Unionist political leaders have no longer any excuse for refusing to re-engage in the institutions on the basis of the Agreement.
Accusing the SDLP of being prepared to settle for less, Murphy described it as ironic that just as the governments were about to convene a new round of political negotiations involving all the parties the SDLP appear to be providing anti-Agreement unionism with a cop-out clause.
"Anti-Agreement unionism will be well pleased to hear that the SDLP are prepared to settle for less than the full restoration of the political institutions. The SDLP proposals provide unionists with a basis for further procrastination and with some encouragement they may achieve a major dilution of the Agreement," said Murphy.
"Settling for less than power sharing will reopen the prospect of a return to unionist rule in the North. The SDLP must clarify where they stand with regards to power sharing. Any dilution of the power sharing arrangements which underpin the Agreement will undermine efforts to bring about full restoration of the political institutions," said Murphy.
Meanwhile, the DUP appears to be attempting to undermine any meaningful reinstatement of the institutions by refusing to share power on the basis of equality and respect. Any exclusion of the largest nationalist party in the North, Sinn Féin, will necessarily reinstate unionist domination. No wonder unionists are hoping the SDLP will endorse this strategy.
The DUP has already declared that it will not share power with Sinn Féin "for the foreseeable future". It was too early for unionism to trust or talk to Sinn Féin said Ian Paisley. Instead the DUP is to present a 16-page document to the British Prime Minister designed to exclude Sinn Féin.

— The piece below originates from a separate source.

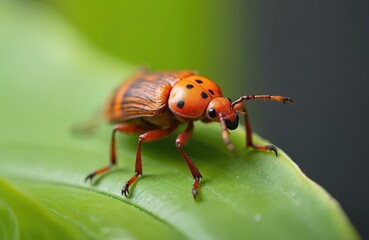 Orange with black spots and stripes crawls on green leaf. Tiny insect has long antennae and thin legs. Macro shot shows detail of bug in natural habitat. Wildlife close-up.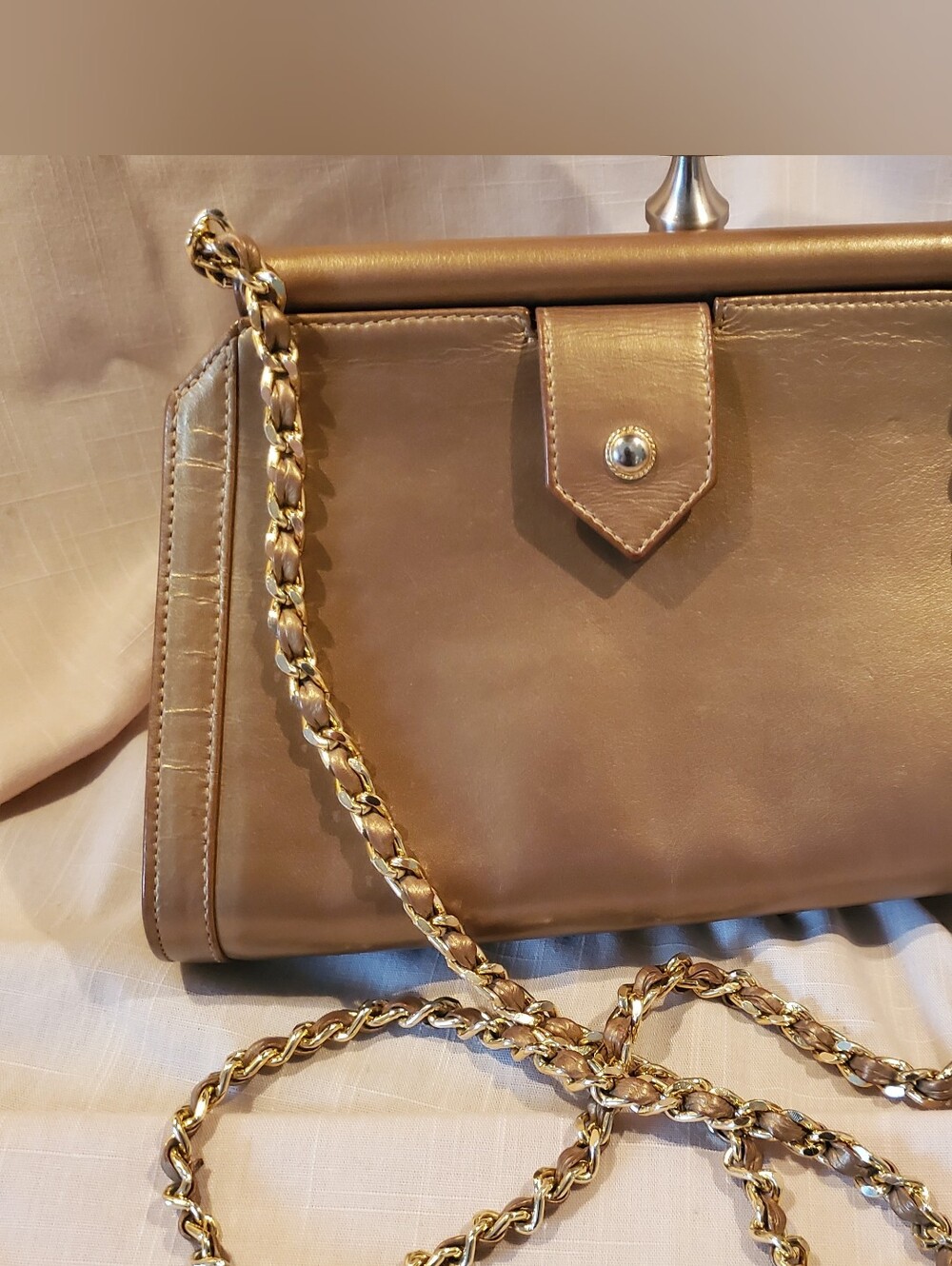 Vintage 1980s Simard & Voyer Metallic Gold Evening Bag Chain Strap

Paisley was unwilling to commit his party to power sharing on the basis of equality and respect, said Sinn Féin's West Tyrone MP, Pat Doherty. The two governments needed to make it clear that the only way forward was the roadmap set out in the Good Friday Agreement. Paisley was challenging the democratic standing of the agreement and the two government's commitment to it, said Doherty.
"Sinn Féin will not countenance a move away from the fundamental principles that underpin the Good Friday Agreement. The DUP cannot be allowed to block forward movement towards the re-establishment of the political institutions. Republicans have delivered on every commitment given. It is now time for others to do likewise," said Doherty.